ダントゥール来訪 1
ダントゥールの港には多くの軍船が入ってきており、港は厳重な警備体制を敷かれていた。
港の中にいる多くの人々は、ヴェルムンティア王国の国旗を掲げており、ノーラを歓迎していた。
桟橋の前にはこの町の城主たるティルクが警備兵を引き連れて、ノーラが軍船より降りてくるのを待っていた。桟橋にかかる船橋より10人の王族従騎士が現れて、桟橋に降りていく。そして、船橋入口の両端を固める。
そうしてようやくノーラが船より歩み出ていた。
金髪の髪の毛は長い船旅を感じさせないほど美しく海風に靡いていて、王族らしい艶やかでありながら落ち着いた紺色を基調としたドレスが、彼女の雰囲気を引き締めていた。
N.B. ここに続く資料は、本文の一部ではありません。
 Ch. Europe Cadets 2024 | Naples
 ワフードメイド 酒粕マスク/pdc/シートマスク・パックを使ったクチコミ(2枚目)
その傍らには王族のスケジュール管理を行うイレーナ執務官が付き添っている。
ノーラはそのまま桟橋に足をつけると、ティルクに対してスカートの片端を持ち、軽く会釈する。
ティルクはそれに対して跪いて、左胸に右手を当てて彼女を見上げる。
「ノーラ王女殿下、遠路はるばるお疲れでしょう。さっそく我が警備隊も同行の上、我が町最高級の宿に案内します」
ティルクの言葉に対してノーラは笑顔で答える。
「出迎えご苦労。私はこの地より西方の諸都市を慰労する。ティルク殿も急な事案に関わらず、これほどの警備体制を敷いた事は、誠に喜ばしい限り。そなたも大儀である」
「は、ありがたき幸せ」
ティルクはノーラの言葉に頭を下げていた。
そして、立ち上がると桟橋上の屋根のない馬車へと彼女を案内する。
ダントゥールにおいては町を凱旋しつつ、宿へと向かう予定なのだ。
ノーラが桟橋より地上へ来る頃には、周囲の警備体制は盤石のものとなっており、彼女の通る道の人払いを完了していた。しかし、警備の兵や騎士たちが側道に配置されており、その奥に多くの住民が王国旗を掲げて、ノーラを目にした時に歓声を上げる。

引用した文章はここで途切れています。